**PROVIDED DATA:**
=== Begin Enclosure ===

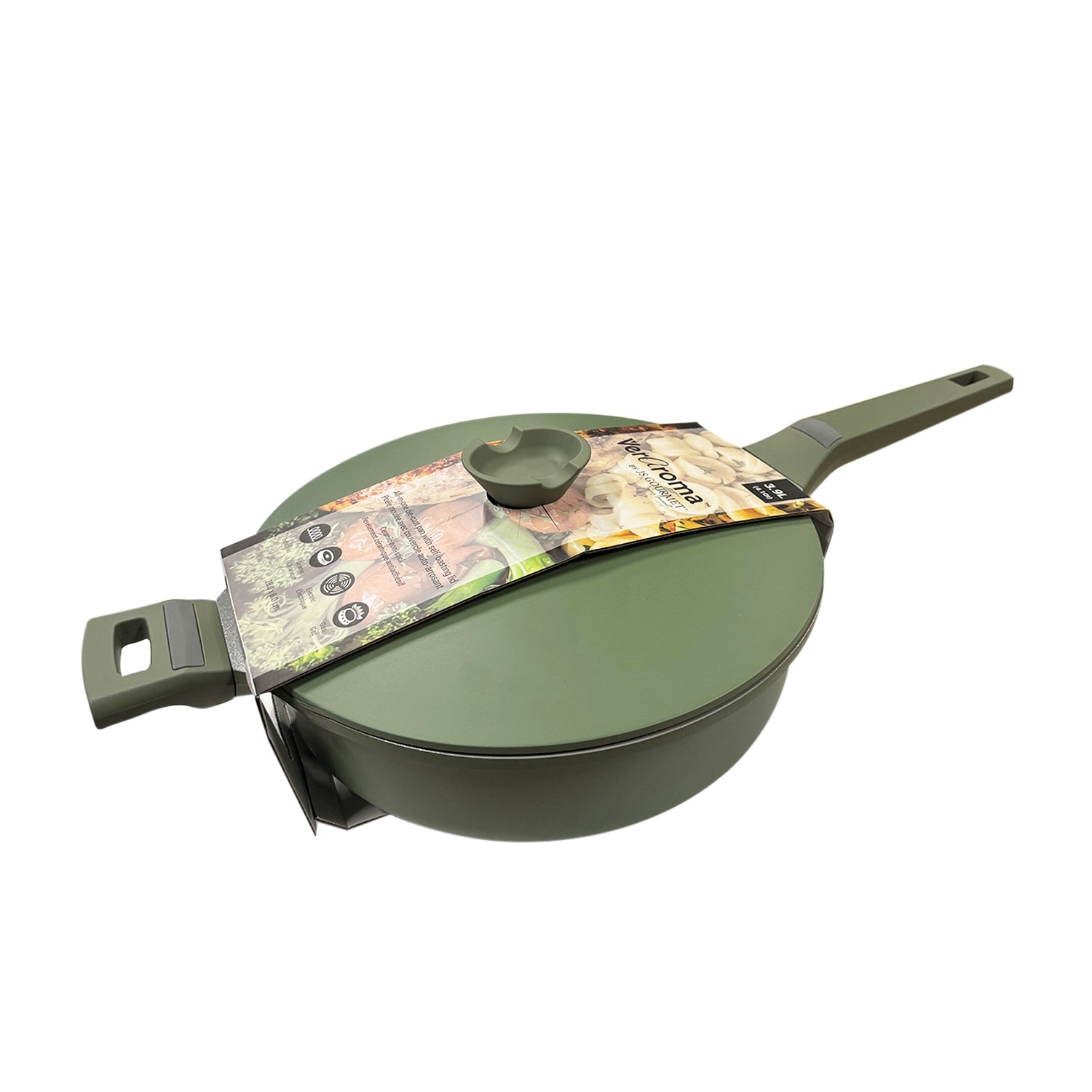 VerAroma Faitout en céramique moulé sous pression avec couvercle auto-arrosant, 28 cm, 3,9 L, Vert sauge - emballage - Simple Boutique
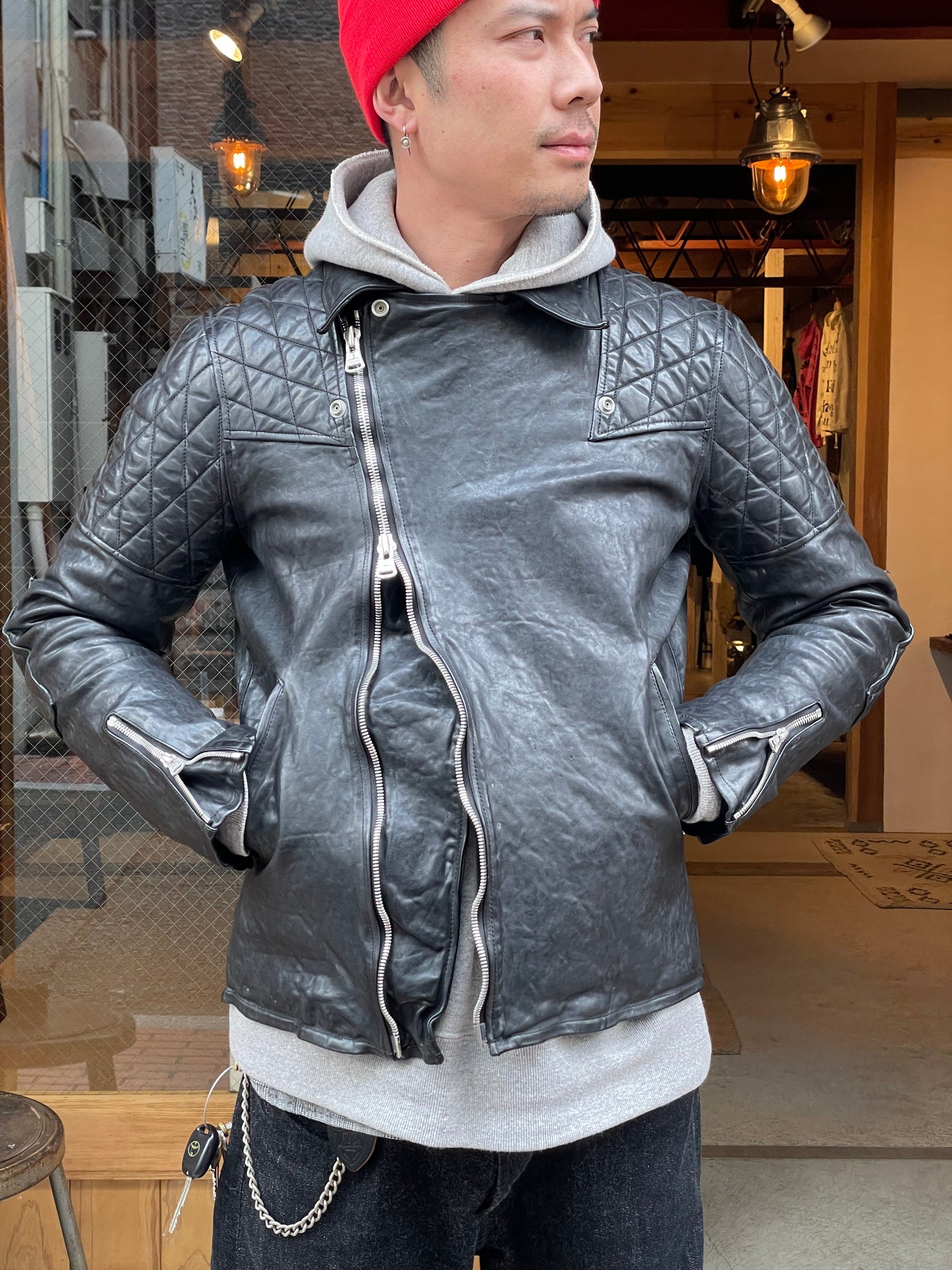FRENCH SHOULDER “GARMENT-DYED” PADDED DOUBLE RIDERS【PADDED QUILT LINING】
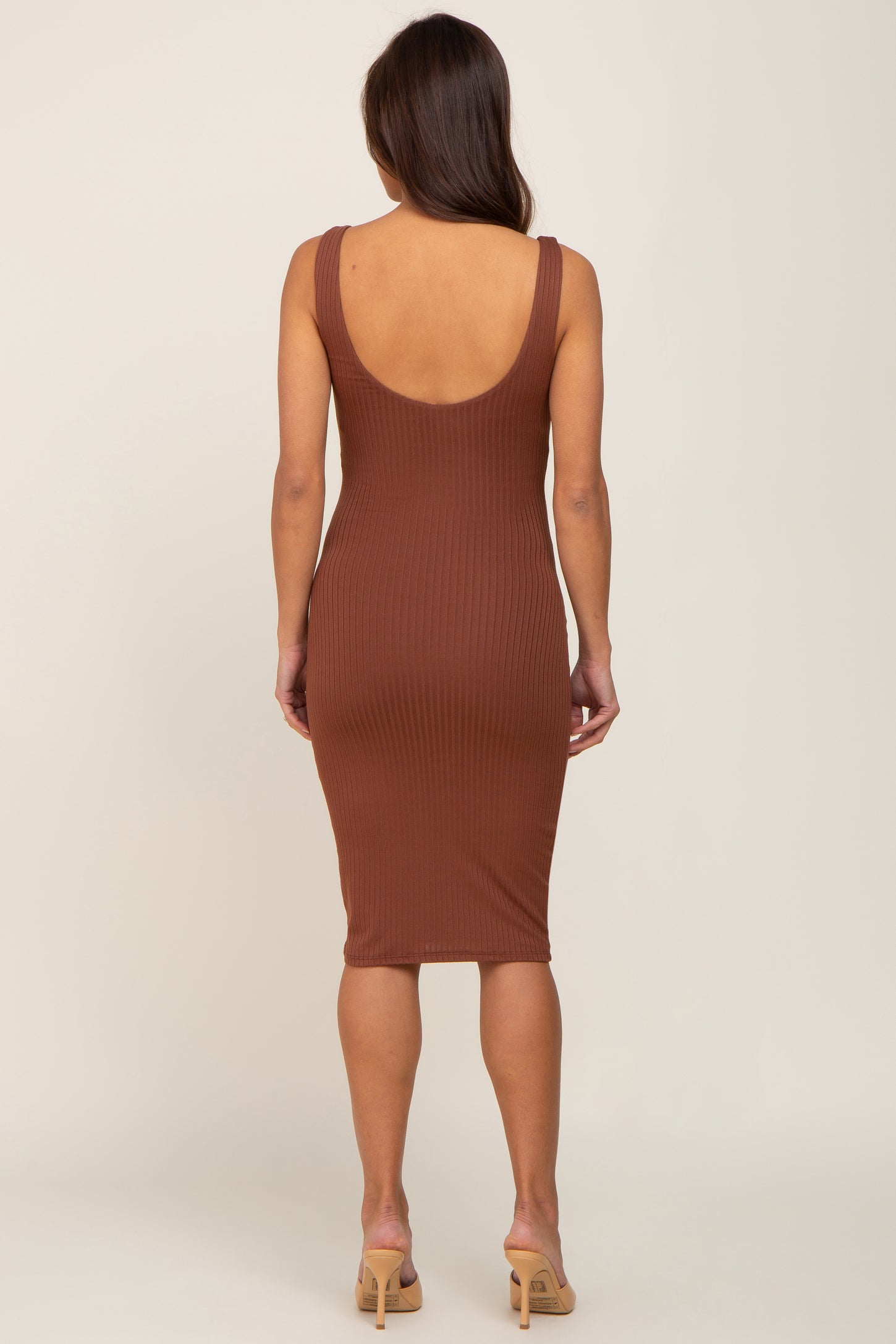 Brown Ribbed Scoop Neck Fitted Maternity Dress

=== End Enclosure ===

**WHAT TO DO:**
Repeat the listing above word for word and leave its images out.

**RESULT:**
 VerAroma Faitout en céramique moulé sous pression avec couvercle auto-arrosant, 28 cm, 3,9 L, Vert sauge - emballage - Simple Boutique
FRENCH SHOULDER “GARMENT-DYED” PADDED DOUBLE RIDERS【PADDED QUILT LINING】
 Brown Ribbed Scoop Neck Fitted Maternity Dress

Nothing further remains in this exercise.